I read this as saying that anything that gets standardized should be available in one of the major implementations. In practice, most of the qualifying features will have been implemented in both GCC and Clang in the same way, so for most users, there is not much benefit from standardization. Some may feel compelled to support the ”standard” way and the “GCC/Clang” way in the same sources, using a macro, but that isn't much of a win in most cases. Of course, there will be shops that say, “we can't use feature until it's in the standard”, but that never really made sense to me.

Things are considerably murky on the library side. In my experience, library features rarely get standardized in the same way they are already deployed: names change, types change, behavioral requirements are subtly different. (Maybe this is my bias from the library side because I see more such issues.) For programmers, the problem of course is that typical applications do not get exposed to different compiler versions at run time, but it's common for this to happen with the system libraries. This means that the renaming churn that appears to be inherent to standardization causes real problems.

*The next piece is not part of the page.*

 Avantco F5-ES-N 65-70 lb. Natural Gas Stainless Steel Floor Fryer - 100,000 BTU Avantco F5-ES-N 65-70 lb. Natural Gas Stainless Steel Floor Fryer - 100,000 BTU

Others have said that new standards are an opportunity to clarify old and ambiguous wording, but in many cases the ambiguity hides unresolved conflict (read: different behavior in existing implementations) in the standardization committee. It's really hard to revise the wording without making things worse, see realloc.

So I'm also not sure what value standardization brings to users of GCC and Clang. Maybe it's different for those who use other compilers. But if standardization is the only way these other vendors implement widely used GCC and Clang extensions (or interfaces common to the major non-embedded C libraries), then the development & support mode for these other implementations does not seem quite right.

avar · on Nov 21, 2022

Not new in C23, but I still think it's a glaring hole in the standard that there's still no standard way to ask the compiler which (if any) of "J.5 Common extensions" is supported.

For the C version you have __STDC_VERSION__, but there's no similar facility to check if e.g. J.5.7 is supported, which effectively makes the behavior that's explicitly omitted in 7.22.1.4 and 6.3.2.3 go from "undefined" to supported by C23 + the extension.

I understand why C can't have some generic "is this undefined?" test, but it seems weird not to be able to ask if extensions defined in the standard itself are in effect, as they define certain otherwise undefined behavior. The effect is that anyone using these extensions must be intimately familiar with all the compilers they're targeting.

phkahler · on Nov 21, 2022

>> One major change in the language is that two’s complement is now mandatory as a representation for signed types.

This pleases me greatly. Two's complement won decades ago. This also means they could define integer overflow as 2's complement rollover, which is almost universal but is still considered undefined behavior.

layer8 · on Nov 21, 2022

It might remove too many compiler optimization opportunities (see e.g. http://kristerw.blogspot.com/2016/02/how-undefined-signed-ov...) for the standard to disallow them now.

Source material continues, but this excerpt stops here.